The first of Vigo’s films was 1930’s A Propos de Nice. It was funded and co-written by Boris Kaufman, the brother of the Russian verité filmmaker Dziga Vertov, who had completed the newsreel-like Man With a Camera in 1929. A Propos de Nice was closer to that than anything coming out of France.
A Propos de Nice is a travelogue (pictured left). Silent, it runs for 22 minutes and inspired a tribute in 1995, A Propos de Nice, La Suite. It also, obviously, inspired Godard. It begins with aerial shots of the townscape and seafront, interspersed with waves on the beach and a roulette game. Workers sweep the promenade, dust tables off and set up for the day. The promenaders arrive. Sailing boats tack. Cars disgorge their swanky passengers onto carpet lain on the ground. An ostrich peers. Alligators crawl. The clothes of a seated woman change repeatedly until she is naked. The town behind the tourist façade is revealed. A cat scavenges garbage. A factory belches smoke A Propos de Nice travels through societal strata rather than place.
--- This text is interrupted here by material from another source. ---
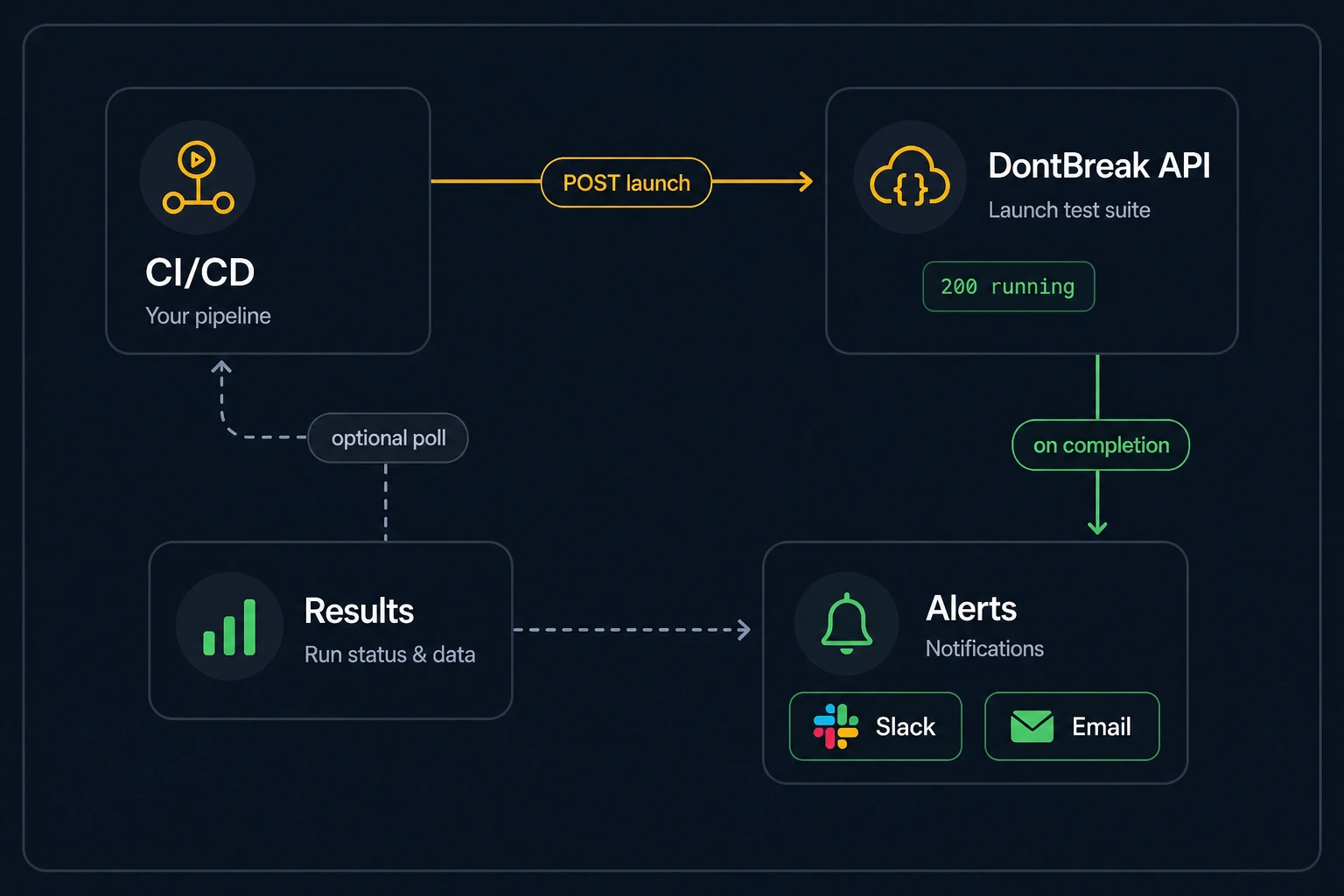 Sequence of a CI/CD pipeline launching a suite and polling results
Vigo’s next film was 1931’s just-under 10 minutes Taris, made for Gaumont about the champion swimmer Jean Taris (newsreels of the seemingly super-human Taris are included in this package). It’s more about capturing the human form in water than narrative and best viewed as an exercise in image rather than an end in itself.
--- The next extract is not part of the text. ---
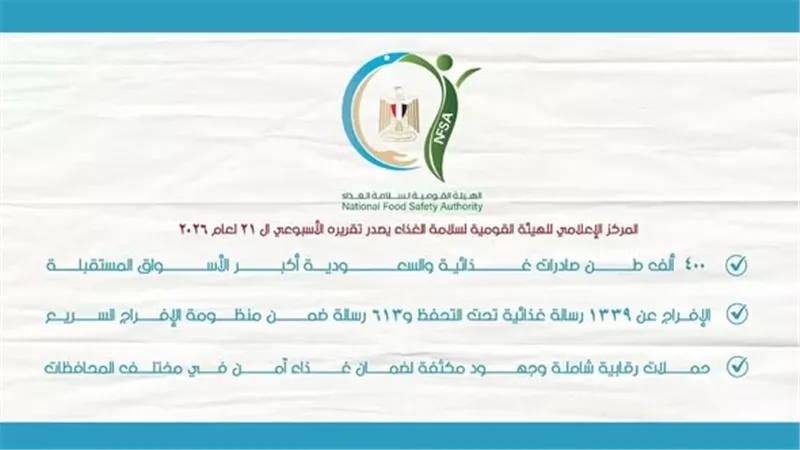 سلامة الغذاء: 400 ألف طن صادرات والسعودية أكبر الأسواق المستقبلة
Zero de Conduite though had a fully formed narrative and is based on Vigo’s experience of school. It's compelling, intense and funny – Vigo inserts the ridiculous in ways that do not jar. In this school, over the film’s 40 minutes, authority is utterly absurd, heavy handed and pompous. The boys rebel (pictured right). Vigo used non-professionals in his cast, and found some participants in the street having decided they looked as if they'd fit. Both Truffaut’s 400 Blows and Lindsay Anderson’s If were inspired by Zero de Conduite. Its unfettered declaration of the invalidity of authority meant it was banned until after World War II.
L’Atalante, even though based on a pre-existing script, was similarly problematic. It wasn’t even originally released under its given title – it was renamed Le Chaland qui Passe to tie in with a popular song of the time that was bolted on as a theme tune. Vigo had died by time the bowdlerised film arrived in cinemas. Ostensibly the story of Jean (Jean Daste) the captain of the eponymous barge and his new, sometimes ghost-like yet deeply alive and easily sidetracked, wife Juliette (Dita Parlo) and the distractions they face, it’s a charming, sensitive depiction of people interacting the best they can in challenging circumstances. Their relationship isn’t helped by the barge's mate, the cat-loving and over-the-top and snuffling Michel Simon – a character added to the scenario by Vigo and Boris Kaufman. Seen here in it’s 1990 Gaumont restoration, this version of the pointedly observed L’Atalante is the closest yet to Vigo's original.
Like the rest of Vigo’s slim, truncated catalogue, L’Atalante’s observations on human nature are made without resorting to the explicit. Vigo's films frame his concerns rather than shouting them. He treated his audience with respect. Vigo knew it was them he was depicting.